Just a few months after being established, the University of Haifa's Ami and Teddy Sagy Center for the Study of the Internet has been awarded IBM's Open Collaborative Research grant. Head of the Center, Prof. Sheizaf Rafaeli, and Daphne Raban, a member of the research faculty at the Center, have been awarded the $40,000 grant for their research proposal for the development of an application intended to enhance online databases with the participation of multiple users.
Scientists around the world who collaborate with IBM's research institutes compete for the grant that the Sagy Center for the Study of the Internet research team has received. The present collaboration is with the social technologies group at IBM's research institute, which is located on the campus of the University of Haifa and which specializes in the development of technologies for Web 2.0.

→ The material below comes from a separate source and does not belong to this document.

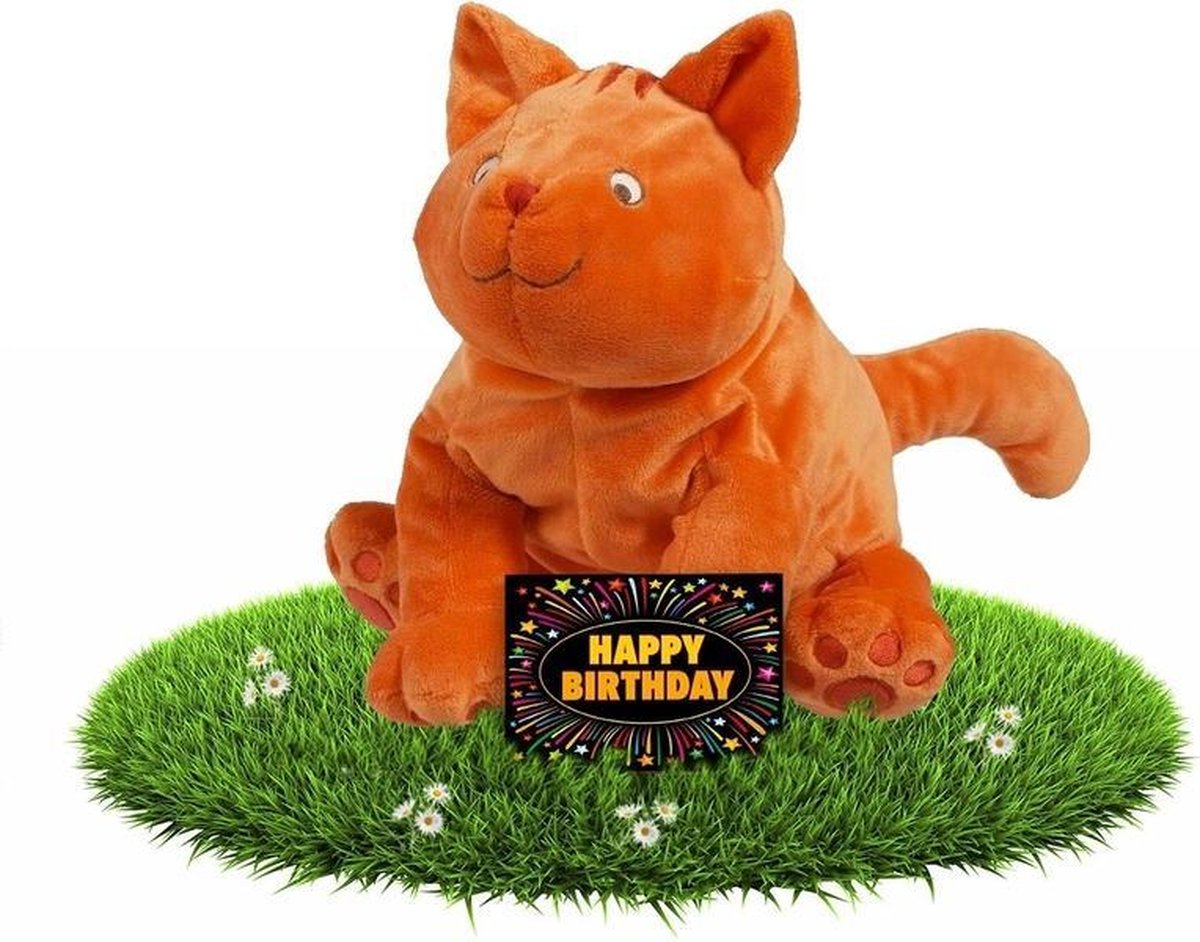 Happy Horse Verjaardag Knuffel Dikkie Dik 30 Cm Met Gratis Verjaardagskaart - Oranje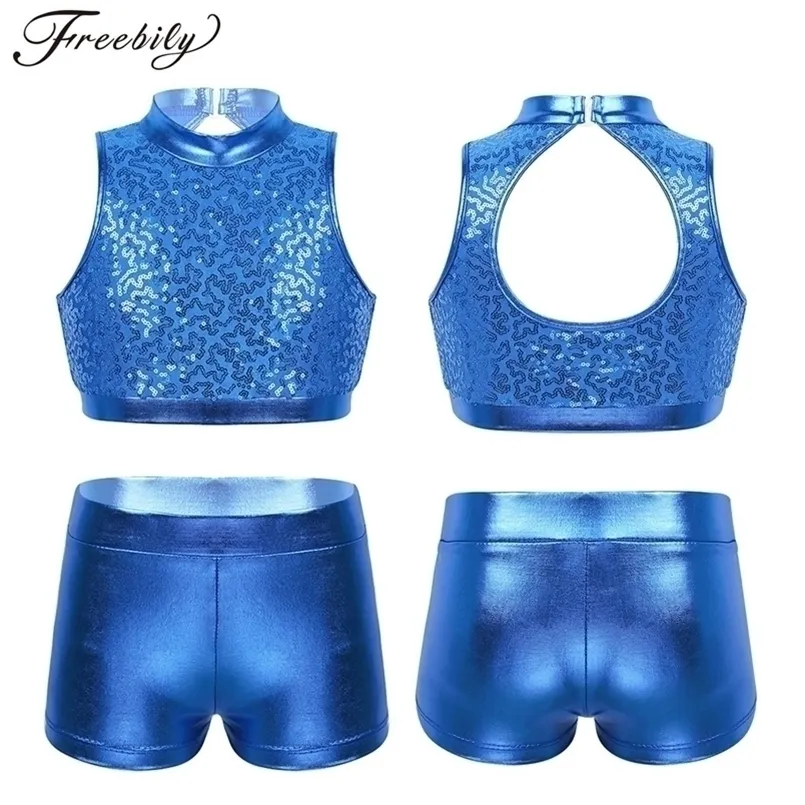 Dancewear Paillettes Enfants Filles Jazz Danse Costumes Ballet Gymnastique Justaucorps Shorts Ensemble pour Anniversaire Cadeau Classe Performance Vêtements 221007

According to Raban, the project that won the grant will focus on the development of "crowd computing" applications—applications that require human intelligence beyond computation. Based on an organizational application developed by IBM's social technologies group, users will be able to contribute information to their organizations through games. The information that is contributed can be factual, opinion-based or contextual.
"Various questions arise in this context, such as: In which cases is mass human intelligence particularly beneficial? What would make people contribute their time and information for a computerized application? What social dynamic is created among the sharers?," Raban says.
The grant was awarded to Raban by Oded Cohen, Director of IBM Haifa Labs, at a ceremony at the University of Haifa.